Ask the Experts

Last summer, focus groups at summer Institutes were asked to submit questions for a panel of “Suzuki Experts” to answer. This is the 8th installment.

What are good ways to keep students involved through Junior and Senior High?

This is such a great question. Teens are involved in so many activities that are demanding of their time—not to mention homework. Helping them keep a good attitude about their music is critical. Time encroachments mean less time to practice and when a teen feels unprepared, they can become defensive, sullen, and apathetic. I always say as long as they keep a good attitude in their lessons and are open for learning, I can deal.

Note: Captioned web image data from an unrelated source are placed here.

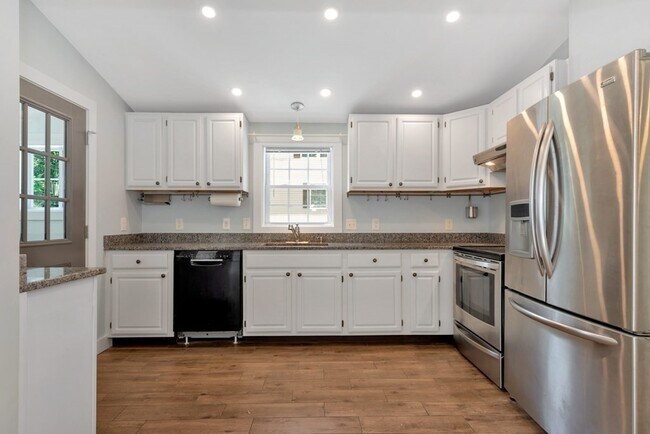 Building Photo - 19 Winthrop Ave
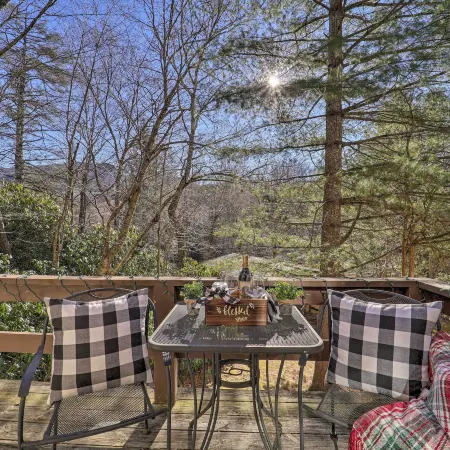 2 Mi to Dtwn Banner Elk! Couples Retreat w/ Deck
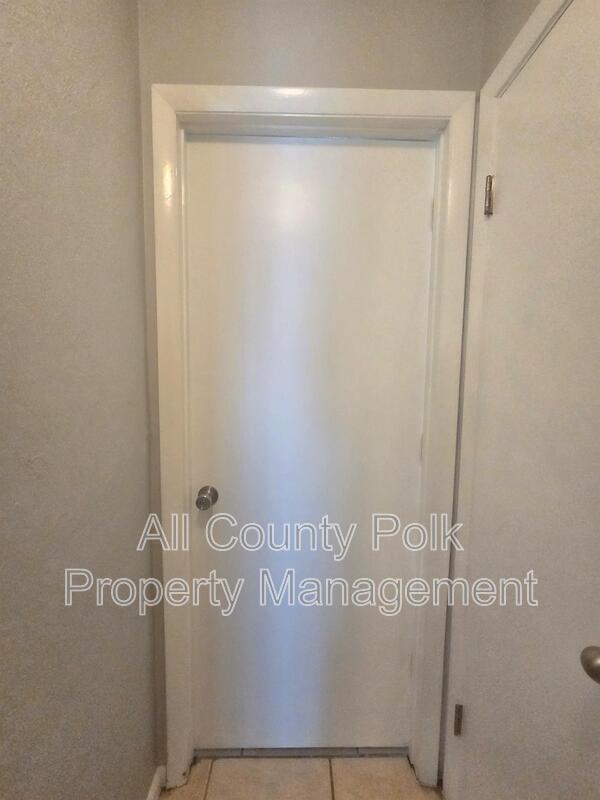 Building Photo - 709 Pineville Ln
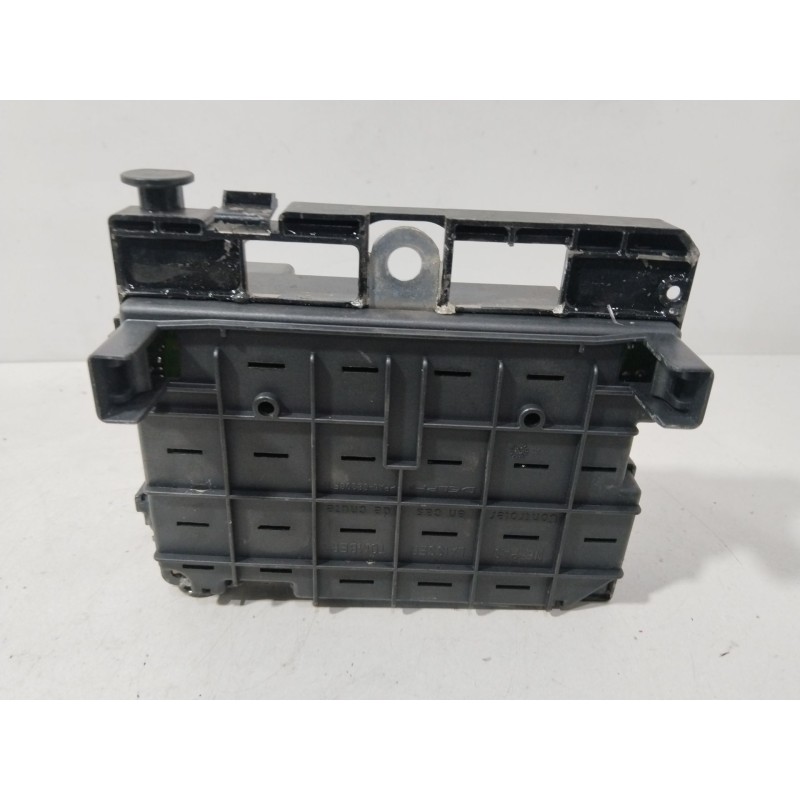 CAJA RELES / FUSIBLES 9650664180  - imagen 4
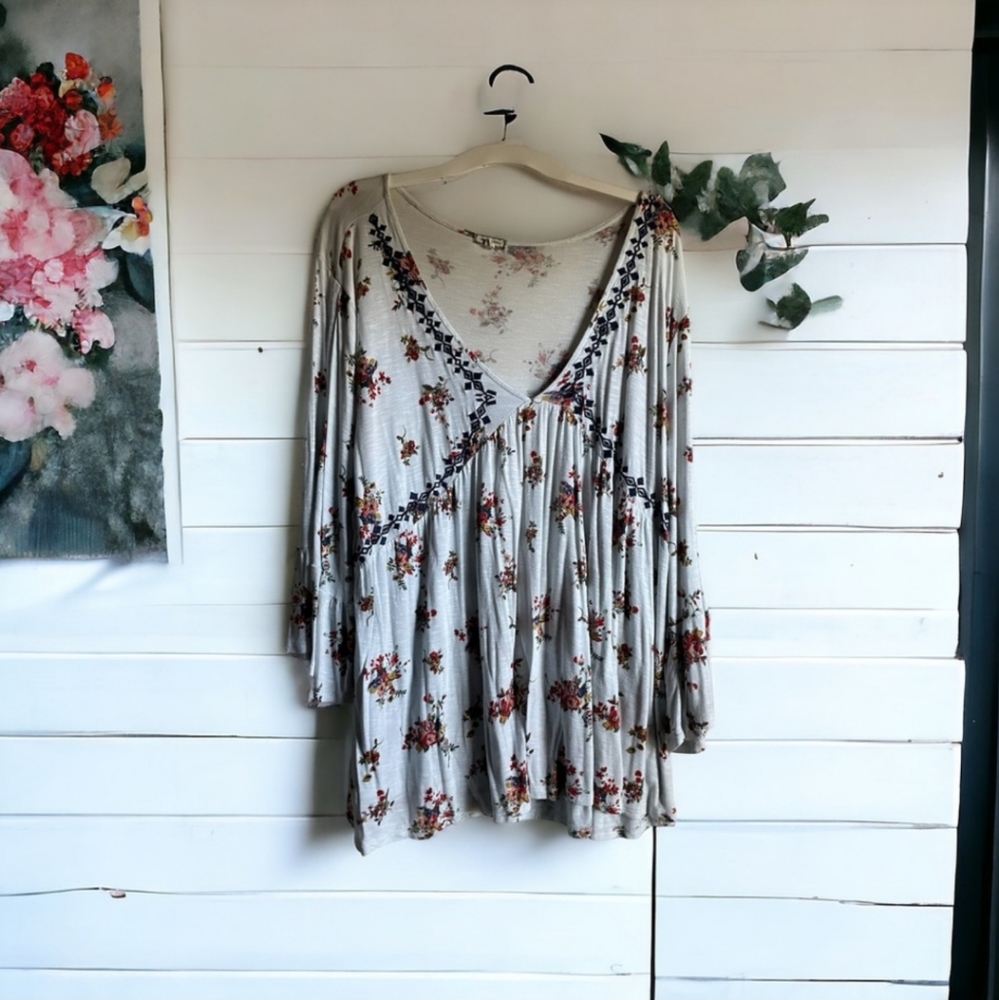 Women's Size 3X offwhite V-neck Floral Top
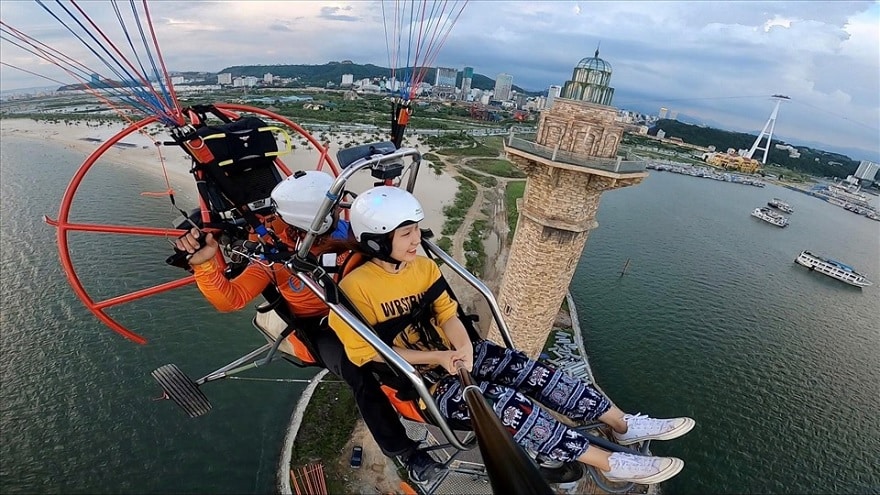 Bai Chay Parasailing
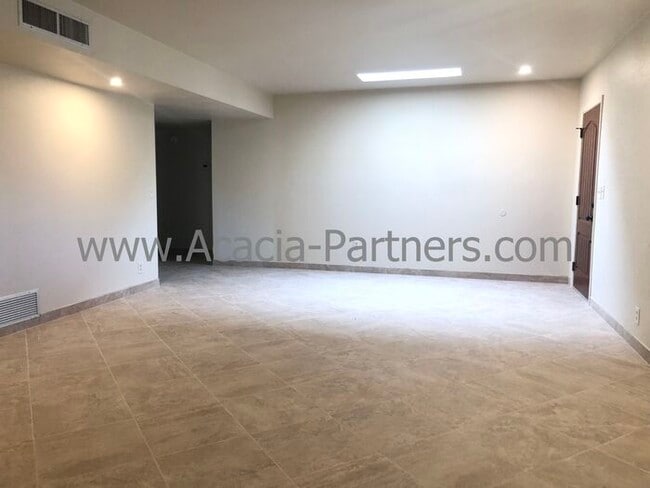 Building Photo - Newly Remolded Three bedroom home with pool and spa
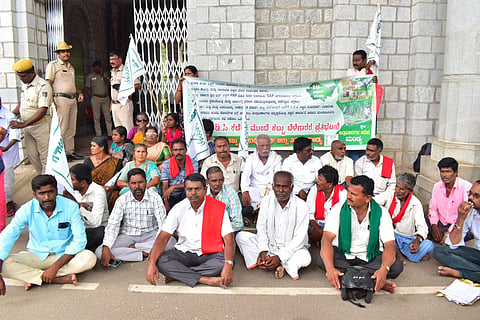 Sugarcane Growers Association protest Mandya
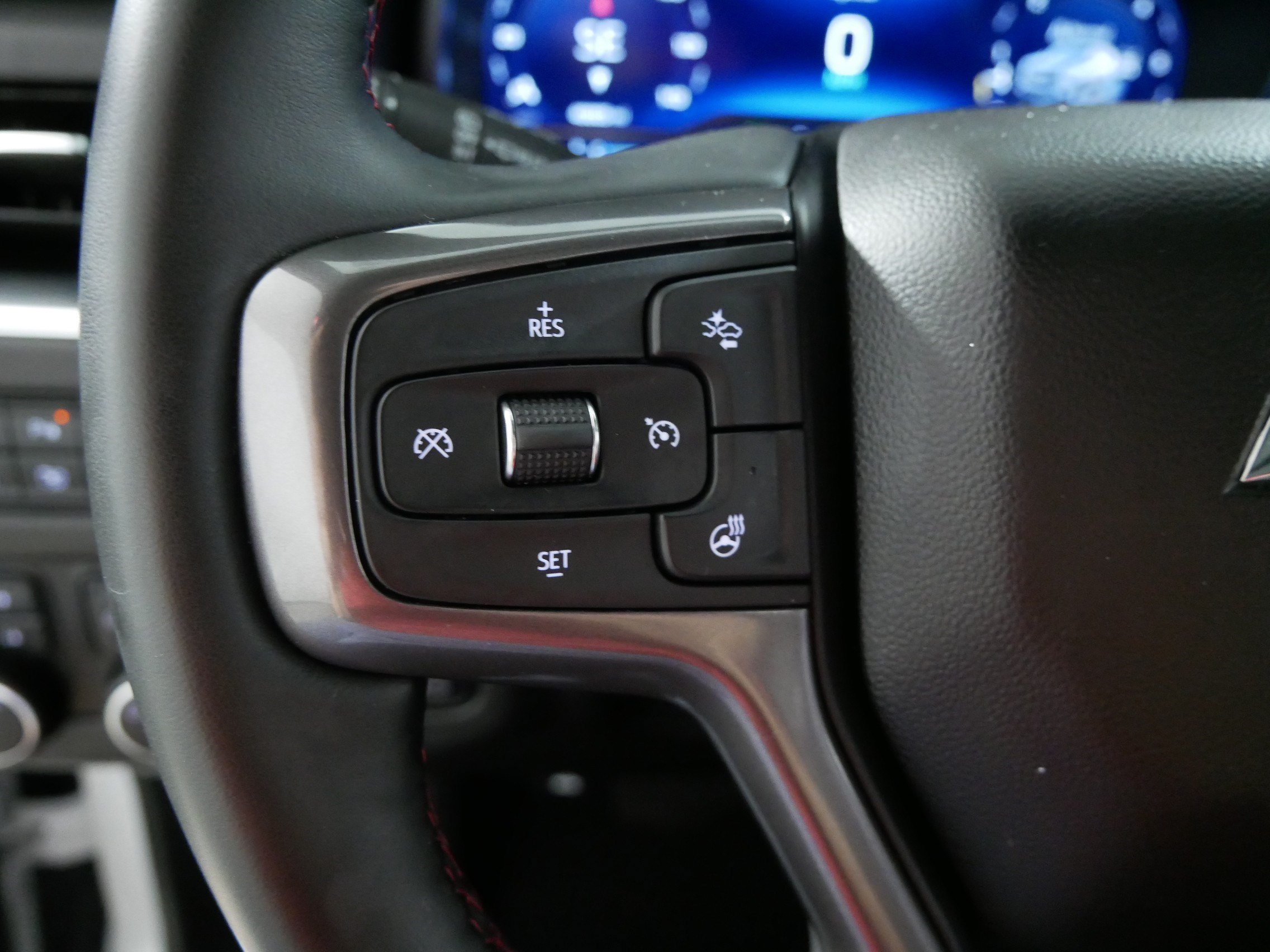 Used 2024 Chevrolet Suburban RST w/ Luxury Package AWD/4WD image 27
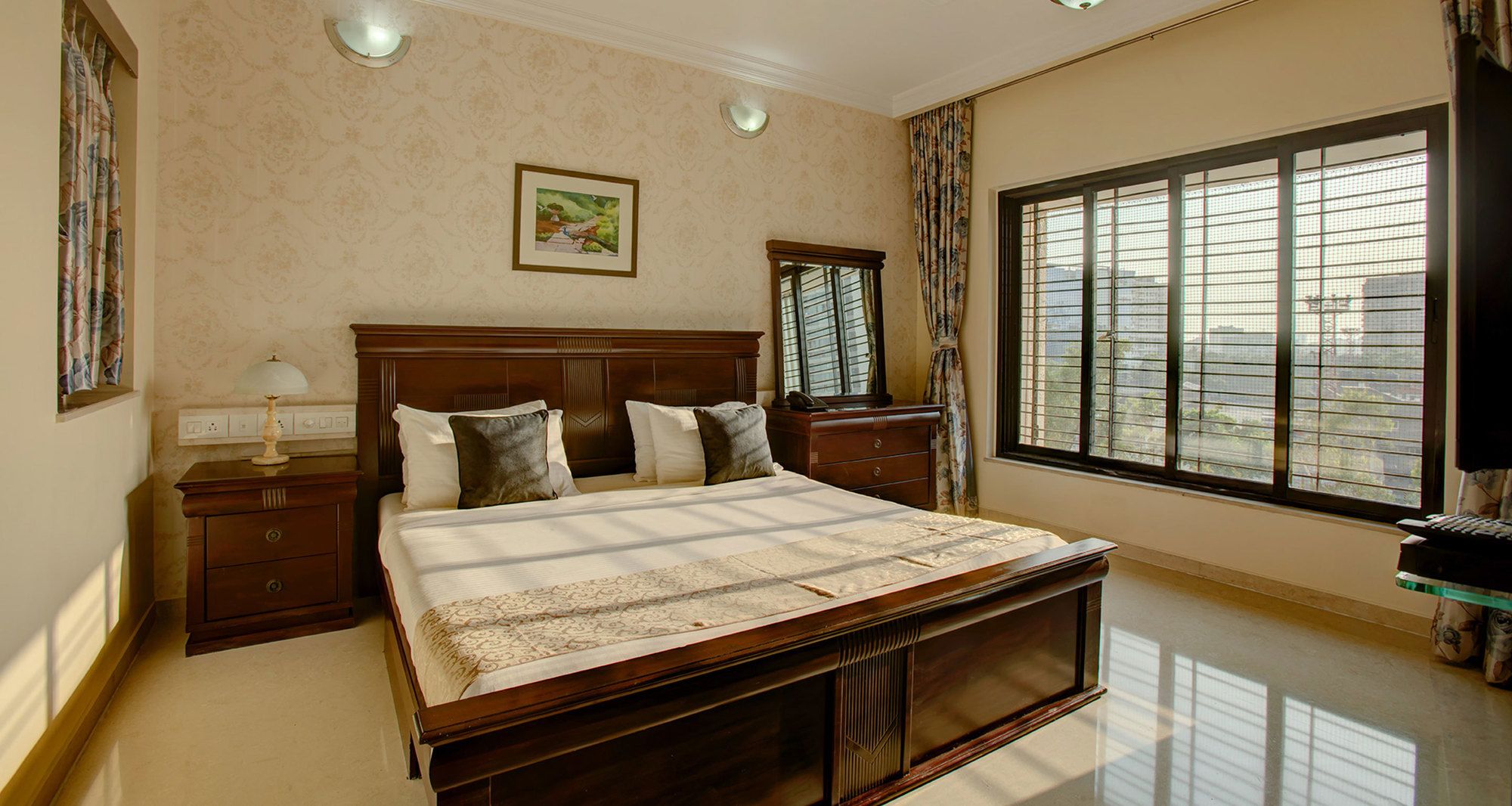 Фото Lalco Residency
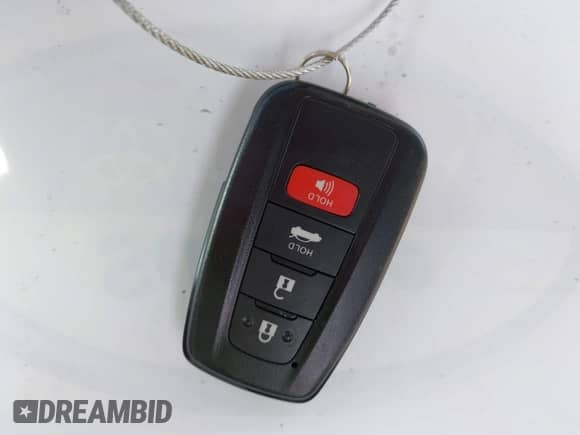 2022 Toyota Camry XLE z VIN 4T1F11AK3NU033583, wystawiony jako IAAI lot #42358589 z przebiegiem 120 000 mil mil oraz . Historia ofert i sprzedaży dostępna na DreamBid. Obrazek 11.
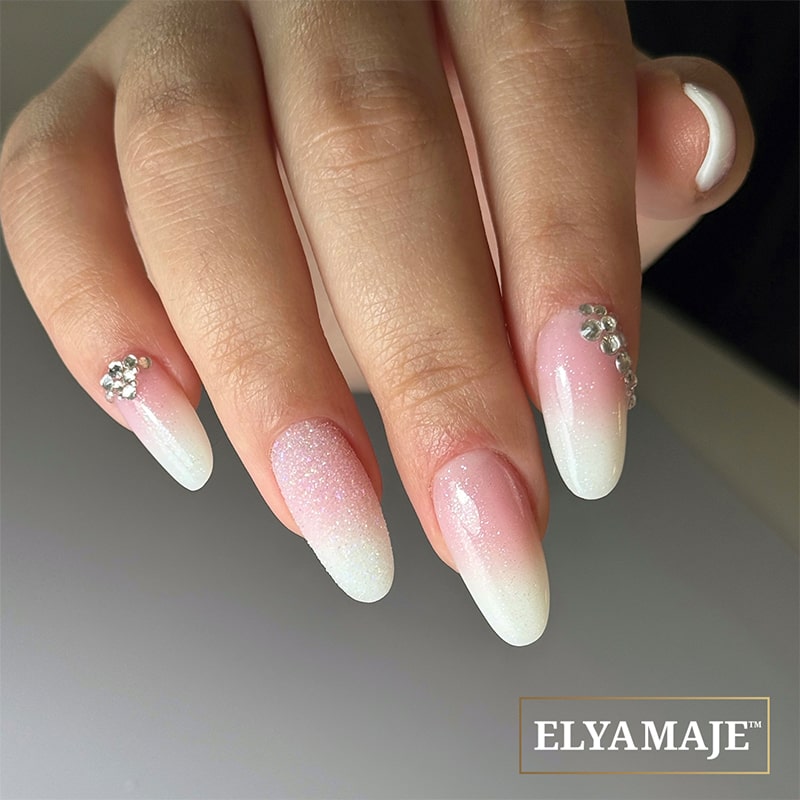 Pose babyboomer avec effet sucre pailleté et détails diamantés argentés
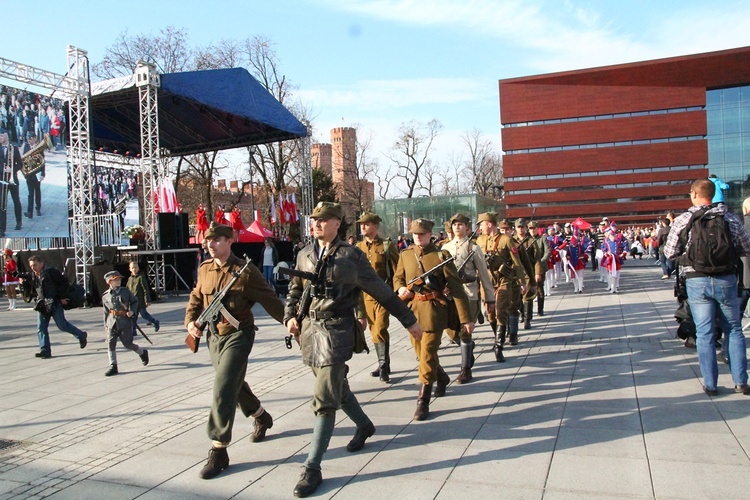 Radosna Parada Niepodległości cz. 5 (na pl. Wolności)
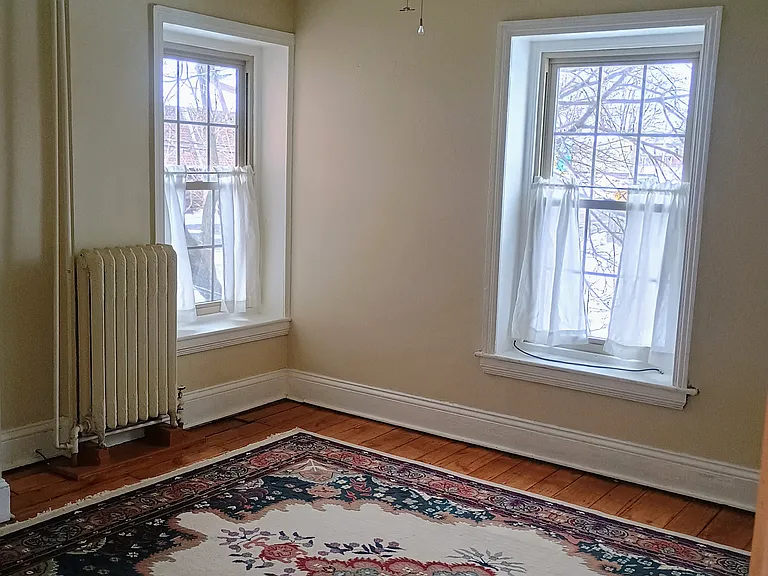 814 W Market St #2 — Photo 11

Social outlets that are attached to music are invaluable. Field trips with other teens to an instrument shop complete with a tour of the repair facilities, exchanges with other programs, going en masse to a concert that involves ice cream or pizza before or after are all ways to surround them with other teens who have the same interests. In addition, playing in a small ensemble with friends or students of like age and ability builds life long friendships and long lasting motivation. Arranging sight reading “parties” at different student’s homes can be a time to expand their sight reading abilities as well as expand their social life with musician friends. Two ideas that I have put into motion which I cherish are:

  1. A holiday duet fest where my studio has gathered in someone’s home with parents attending as well. I play duets with each of my students (repertoire chosen wisely according to level) and keep rotating around different students. The parents are informally listening and the other kids are “hanging out” and eating. Oh yeah, the parents are also eating and consuming their own beverage of choice.

  2. Form duet teams and assign each team a duet to be learned and rehearsed over the summer. In the fall they each attend one another’s lesson where I coach them with the final goal of a formal concert.

Very few of these wonderful people will become professional musicians, but almost all will continue playing and enjoy music for the rest of their lives.